A research report is usually prepared by an analyst or strategist who is a part of an investment firm's research team. Research reports often contain actionable recommendations such as investment ideas that investors can act upon.

Determining the impact of research on stock prices is a valid question, but unfortunately there is no easy answer.

How Research Impacts Stock Prices

On a quantitative basis, you could perform a regression analysis to determine the correlation between changes in a stock's price and the publication of a research report. However, you would need to filter out the effect of "noise," the impact of news releases, competitor news releases, economic reports and other macroeconomic factors. After all that work, the results may not show statistical significance, which means that you would not have found any direct relationship between the stock price's movement and the report's issuance.
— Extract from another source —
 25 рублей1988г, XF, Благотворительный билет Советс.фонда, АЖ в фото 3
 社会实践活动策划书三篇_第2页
Additionally, the results can be manipulated by a change in the length of the time period being studied.

From a qualitative basis, it has been proven that having more information about a company in the marketplace is better than less information, but the return on the investment in research is nevertheless hard to calculate. On the other hand, objective information in the marketplace about a company reduces the "halo effect" on that company if its competitor announces unexpected bad news. With objective information, the market can evaluate the news event's impact on both companies.

How Research Benefits Investors

While quantifying the benefits is difficult, most of research's value lies in the unquantifiable benefits provided to investors:

  • Comparative operating and valuation data on a company;
  • Earnings estimates and target valuations based on reasonable data included in the report;
  • A reliable source of independent, third-party information on a continuous basis so that investors can track performance and evaluate an investment.
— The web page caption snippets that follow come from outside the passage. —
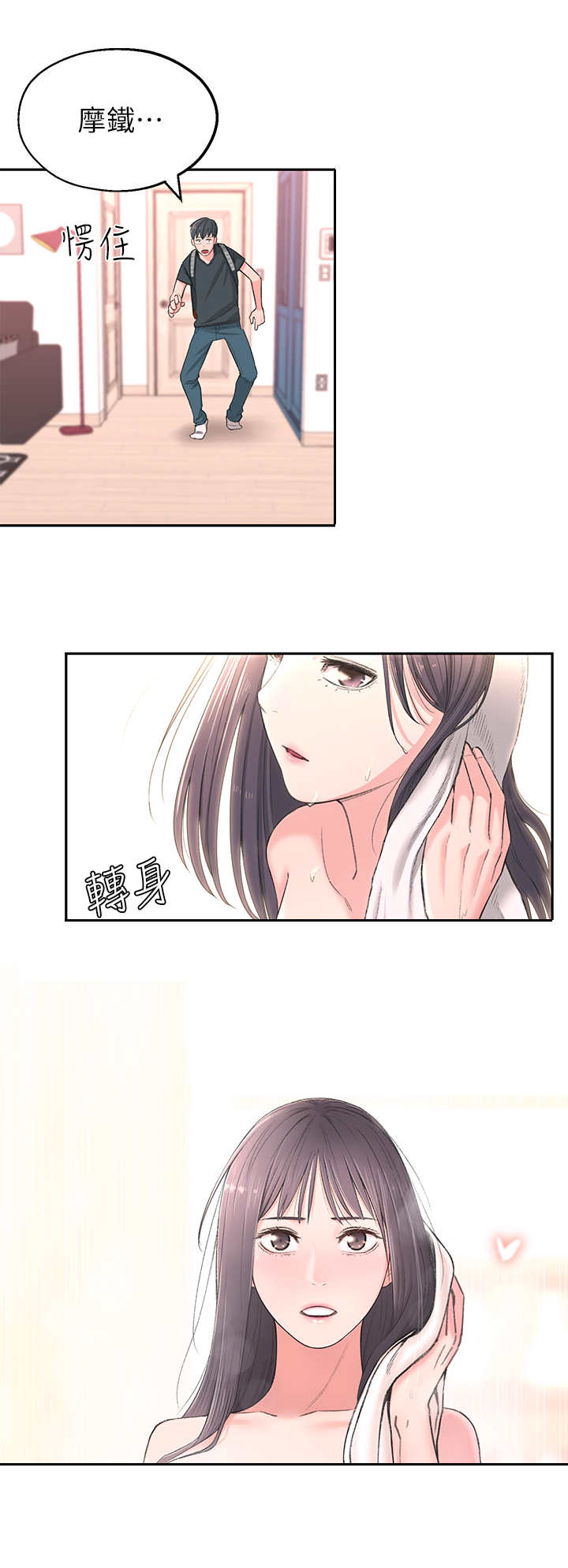 第3章：突然到来13
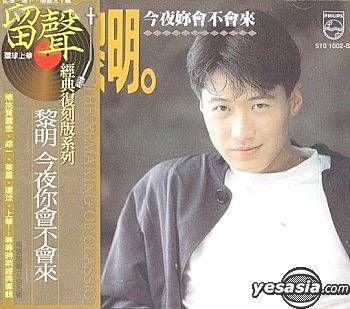 レオン・ライ 黎明 精彩精選 Lai Leon 日本版 CD - レオン・ライ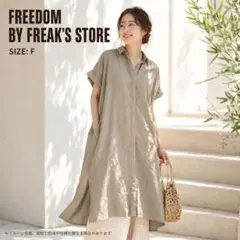 FREAK’S STORE 麻混スキッパーシャツワンピース F 416のサムネイル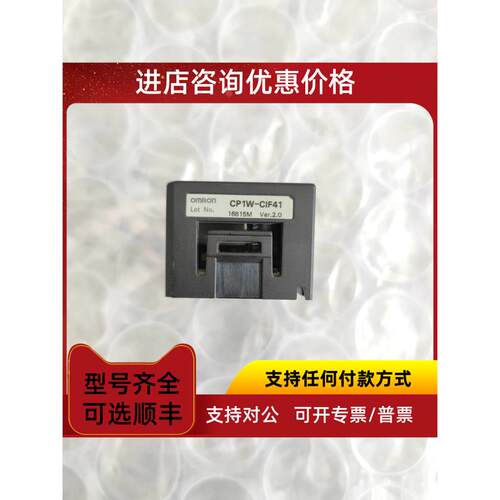 议价机 OMRON CP1W-CIF41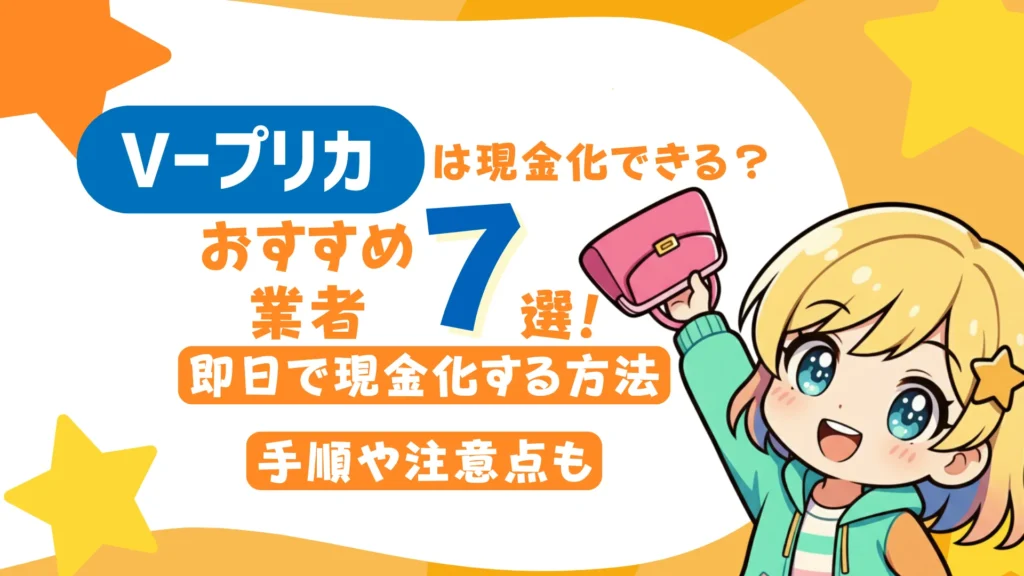Vプリカは現金化できる?おすすめ業者7選や即日で現金化する方法、手順や注意点も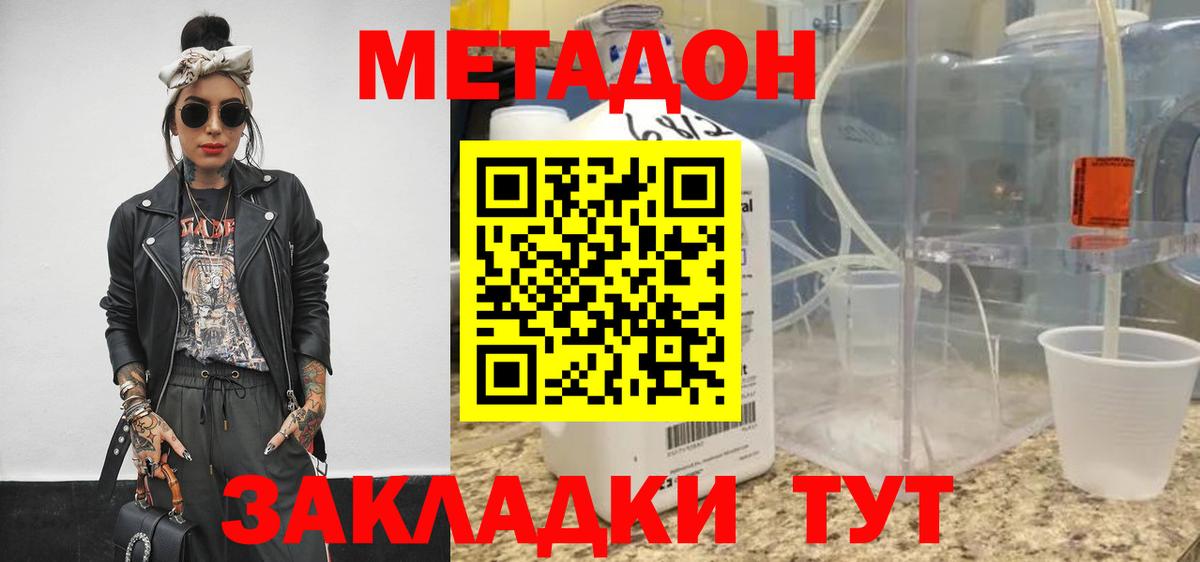 Метадон белоснежный  Вход с VPN  ссылка на мегу ссылка  МЕТАДОН белоснежный  Майкоп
Benefits from research coverage are not immediate, and the decision to invest in stock research is generally a long-term process. It takes time for investors to familiarize themselves and get comfortable with a new company while evaluating its investment potential.

Research, however, provides the market with more information and increases market efficiency, but it is hard to determine exactly when a report will convince an investor or a fund manager to buy a stock. It could be near the publication date or months later, but it will be the third-party report that helps provide the information on which that investor makes his or her decision.

However, investors should beware of "research" reports that advertise how the stocks these reports followed rose immediately after the report's publication. While it may be true that the stock rose after the report was issued, there is generally no way to prove beyond a reasonable doubt that the report was the sole reason why the stock rose. If you see such a claim, check the long-term trend of the stock's price and see if it fell back after a few days or weeks.

The Bottom Line

Although the total return on the investment in research is hard to quantify, the information provided via third-party research has tangible value. Objective research provides information to the market to reduce uncertainty. Even though the nature of the stock market prevents us from isolating any one of the many variables that affect a stock's price, no one can disagree that in the long run, greater available information means greater market efficiency.